Climate change: The death of ‘cap and trade’

Senate Democrats officially abandoned their seven-year effort to pass “cap and trade” legislation that would have regulated and taxed carbon emissions.

“Ding dong, the witch is dead,” said Henry Payne in DetroitNews.com. Last week Senate Democrats officially abandoned their seven-year effort to pass “cap and trade” legislation that would have tackled climate change by regulating, and taxing, the carbon emissions of power plants and other private companies. This “dangerous legislation” was a huge overreaction to the highly speculative theory that human activities are changing the Earth’s climate in a catastrophic manner. If enacted, cap and trade would have significantly raised energy costs on U.S. businesses, just as they were struggling to emerge from the recession.

We’ll regret this decision, said Thomas Friedman in The New York Times. “We’ve basically decided to keep pumping greenhouse gases into Mother Nature’s operating system and take our chances that the results will be benign.” Someday, unfortunately, the climate-change deniers will “see how wrong they were,” as ice caps and glaciers melt, sea levels rise, and weather becomes more extreme. After this “undeniable defeat” for environmental wisdom, said the San Francisco Chronicle in an editorial, there still are some measures, scientific as well as legislative, that could yet avert catastrophe. “But none would match what the Senate just passed up: a national policy to greatly reduce the human contribution to climate change.”
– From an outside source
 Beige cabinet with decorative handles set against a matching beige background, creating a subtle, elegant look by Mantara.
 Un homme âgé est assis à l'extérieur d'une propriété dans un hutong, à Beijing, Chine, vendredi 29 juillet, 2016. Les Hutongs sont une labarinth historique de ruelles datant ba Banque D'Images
Liberals have to share in the blame for killing this legislation, said Ross Douthat in The New York Times. Since the 1970s, environmentalists have issued a new warning about a coming apocalypse every five years or so. We were told by “experts” that population growth would cause mass starvation and the collapse of civilization. Then it was pollution that would destroy humankind, or perhaps it was the hole in the ozone layer. Disaster could only be averted by some “left-wing policy prescription,” such as birth control for the masses or harsh new regulations on industry. But “the catastrophes never materialized, and global living standards soared,” with the result that the public naturally grew skeptical about impending catastrophes. Now, there really is a solid scientific consensus that the world is getting hotter and that mankind is to blame. But after decades of crying wolf, liberals have their own lesson to learn: Rather than trying to pre-empt every crisis with sweeping new regulations, “sometimes it makes sense to wait, get richer, and then try to muddle through.”